從代碼可以看出CliFrontend的main方法主要做兩件事,
- 初始化全局配置參數(不是傳進來的args)
- 構造CliFrontend實例,調用parseAndRun()
try { final CliFrontend cli = new CliFrontend(configuration, customCommandLines); SecurityUtils.install(new SecurityConfiguration(cli.configuration)); retCode = SecurityUtils.getInstalledContext().runSecured(() -> cli.parseAndRun(args)); } catch (Throwable t) { final Throwable strippedThrowable = ExceptionUtils.stripException(t, UndeclaredThrowableException.class); LOG.error("Fatal error while running command line interface.", strippedThrowable); strippedThrowable.printStackTrace(); } finally { System.exit(retCode); }
在隨后的parseAndRun中
進行參數校驗,對參數中的第一位進行截取,默認第一位參數為命令(action),通過switch去執行對應的命令操作。
// check for action if (args.length < 1) { CliFrontendParser.printHelp(customCommandLines); System.out.println("Please specify an action."); return 1; } // get action String action = args[0]; // remove action from parameters // ./flink run --python /home/jrdw/peizhouyu/flink-python/app.py --jobmanager 11.95.88.158:6017 // 截除第一個參數 // params[] = --python /home/jrdw/peizhouyu/flink-python/app.py --jobmanager 11.95.88.158:6017 final String[] params = Arrays.copyOfRange(args, 1, args.length); try { // do action switch (action) { case ACTION_RUN: run(params); return 0; case ACTION_RUN_APPLICATION: runApplication(params); return 0; case ACTION_LIST: list(params); return 0; case ACTION_INFO: info(params); return 0; case ACTION_CANCEL: cancel(params); return 0; case ACTION_STOP: stop(params); return 0; case ACTION_SAVEPOINT: savepoint(params); return 0; case "-h": case "--help": CliFrontendParser.printHelp(customCommandLines); return 0; case "-v": case "--version":
ACTION_RUN 這個常量就是run,所以執行的命令調用對應的run()方法。在run方法中主要關注create ProgramOptions的過程,這個過程把輸入的內容轉成對象ProgramOptions。
final ProgramOptions programOptions = ProgramOptions.create(commandLine);
create過程會判斷當前是Java作業還是python作業,判斷的依據就是命令行傳入的參數中是否有python作業相關的關鍵字,比如:py,python,pym,pyModule...等,或者啟動類為org.apache.flink.client.python.PythonGatewayServer都會被判定為python作業。
如果是python作業則會通過createPythonProgramOptions方法創建ProgramOptions,而Java是直接new ProgramOptions。
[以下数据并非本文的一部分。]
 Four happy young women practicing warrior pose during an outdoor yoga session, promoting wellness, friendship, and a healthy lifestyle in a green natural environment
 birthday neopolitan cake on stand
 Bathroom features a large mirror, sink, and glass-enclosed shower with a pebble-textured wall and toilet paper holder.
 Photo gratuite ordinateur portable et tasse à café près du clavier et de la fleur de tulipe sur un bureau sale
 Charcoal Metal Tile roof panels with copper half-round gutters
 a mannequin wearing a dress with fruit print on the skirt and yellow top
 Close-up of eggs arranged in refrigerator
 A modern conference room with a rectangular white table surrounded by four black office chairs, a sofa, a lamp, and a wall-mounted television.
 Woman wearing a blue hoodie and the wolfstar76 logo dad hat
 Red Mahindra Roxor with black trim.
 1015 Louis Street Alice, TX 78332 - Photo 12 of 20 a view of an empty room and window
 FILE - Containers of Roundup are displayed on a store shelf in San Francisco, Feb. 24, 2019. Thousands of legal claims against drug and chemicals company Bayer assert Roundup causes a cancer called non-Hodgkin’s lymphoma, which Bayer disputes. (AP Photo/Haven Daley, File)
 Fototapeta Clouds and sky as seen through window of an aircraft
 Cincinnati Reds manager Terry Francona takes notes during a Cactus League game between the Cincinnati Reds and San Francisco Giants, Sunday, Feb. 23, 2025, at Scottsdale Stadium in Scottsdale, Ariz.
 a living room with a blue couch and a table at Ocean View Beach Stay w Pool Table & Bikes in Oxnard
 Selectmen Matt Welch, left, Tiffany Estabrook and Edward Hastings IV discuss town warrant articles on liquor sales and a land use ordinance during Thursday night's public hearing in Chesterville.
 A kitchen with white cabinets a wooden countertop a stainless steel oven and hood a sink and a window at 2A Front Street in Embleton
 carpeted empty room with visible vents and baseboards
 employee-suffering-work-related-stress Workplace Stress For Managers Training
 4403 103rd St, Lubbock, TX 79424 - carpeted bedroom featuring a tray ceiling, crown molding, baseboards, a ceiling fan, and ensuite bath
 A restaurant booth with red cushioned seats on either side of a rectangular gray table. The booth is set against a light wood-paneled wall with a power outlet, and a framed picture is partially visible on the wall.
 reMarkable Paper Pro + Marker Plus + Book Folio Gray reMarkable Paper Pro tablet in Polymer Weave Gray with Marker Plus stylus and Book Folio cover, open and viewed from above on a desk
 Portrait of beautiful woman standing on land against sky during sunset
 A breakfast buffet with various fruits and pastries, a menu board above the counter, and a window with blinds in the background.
public static ProgramOptions create(CommandLine line) throws CliArgsException { if (isPythonEntryPoint(line) || containsPythonDependencyOptions(line)) { return createPythonProgramOptions(line); } else { return new ProgramOptions(line); } }
createPythonProgramOptions會先初始化一個用來加載引擎python相關擴展包的類加載器,然后通過反射創建PythonProgramOptions實例,PythonProgramOptions繼承自ProgramOptions。
需要注意的是在反射創建PythonProgramOptions的時候,在構造方法中會初始化一些配置對應的變量,同時會把entryPointClass屬性設置為: org.apache.flink.client.python.PythonDriver
public static ProgramOptions createPythonProgramOptions(CommandLine line) throws CliArgsException { try { ClassLoader classLoader = getPythonClassLoader(); Class<?> pythonProgramOptionsClazz = Class.forName( "org.apache.flink.client.cli.PythonProgramOptions", false, classLoader); Constructor<?> constructor = pythonProgramOptionsClazz.getConstructor(CommandLine.class); return (ProgramOptions) constructor.newInstance(line); } catch (InstantiationException | InvocationTargetException | NoSuchMethodException | IllegalAccessException | ClassNotFoundException e) { throw new CliArgsException( "Python command line option detected but the flink-python module seems to be missing " + "or not working as expected.", e); } }
回到run方法繼續看create ProgramOptions之后的邏輯,后續getJobJarAndDependencies方法獲取依賴的jar列表,其中也是通過entryPointClass的值判斷是否是python作業,如果是python作業會獲取FLINK_OPT_DIR下面flink-python開頭的jar包作為dependencies包。隨后配置合並和處理拿到effectiveConfiguration。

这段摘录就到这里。